▸ SUPPLIED RECORDS:
----------

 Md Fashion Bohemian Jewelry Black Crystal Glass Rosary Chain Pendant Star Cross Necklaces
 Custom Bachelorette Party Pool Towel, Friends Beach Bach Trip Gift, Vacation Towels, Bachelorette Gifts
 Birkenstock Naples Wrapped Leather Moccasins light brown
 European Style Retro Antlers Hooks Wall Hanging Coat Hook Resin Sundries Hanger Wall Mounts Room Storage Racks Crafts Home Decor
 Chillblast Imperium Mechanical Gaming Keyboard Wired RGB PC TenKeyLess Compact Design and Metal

----------

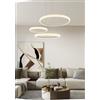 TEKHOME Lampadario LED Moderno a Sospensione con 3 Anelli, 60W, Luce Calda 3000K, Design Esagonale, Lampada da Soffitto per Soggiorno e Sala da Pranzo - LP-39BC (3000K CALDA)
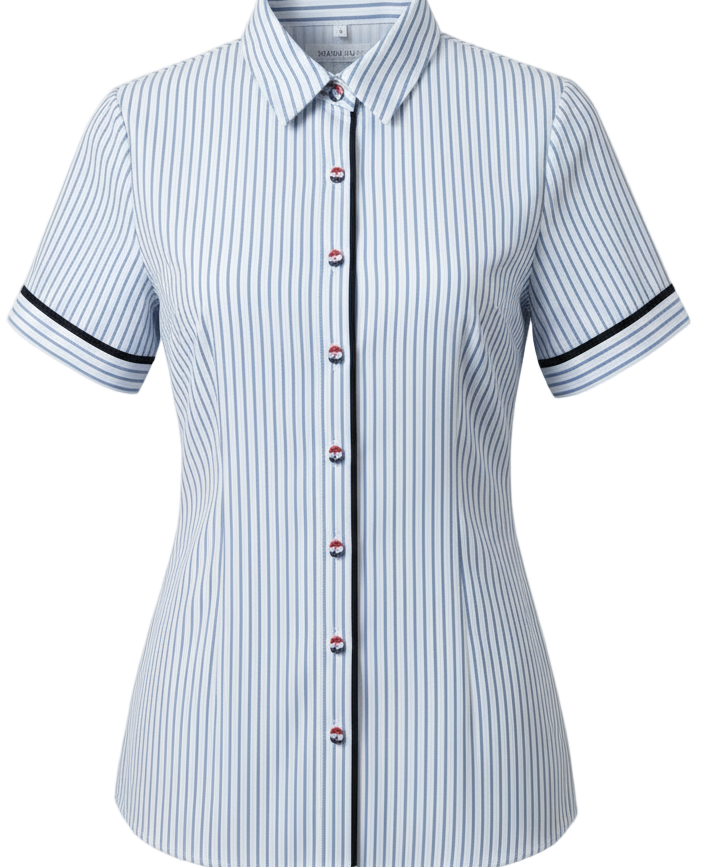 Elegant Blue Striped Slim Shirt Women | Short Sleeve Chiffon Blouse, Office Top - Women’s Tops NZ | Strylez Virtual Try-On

----------

▸ EXERCISE:
Starting at the line that contains "Birkenstock Naples Wrapped" and stopping after the line that contains "Chillblast Imperium Mechanical", write out every line exactly as it appears above, and no other line.

▸ SOLUTION FOR THIS PROBLEM:
 Birkenstock Naples Wrapped Leather Moccasins light brown
 European Style Retro Antlers Hooks Wall Hanging Coat Hook Resin Sundries Hanger Wall Mounts Room Storage Racks Crafts Home Decor
 Chillblast Imperium Mechanical Gaming Keyboard Wired RGB PC TenKeyLess Compact Design and Metal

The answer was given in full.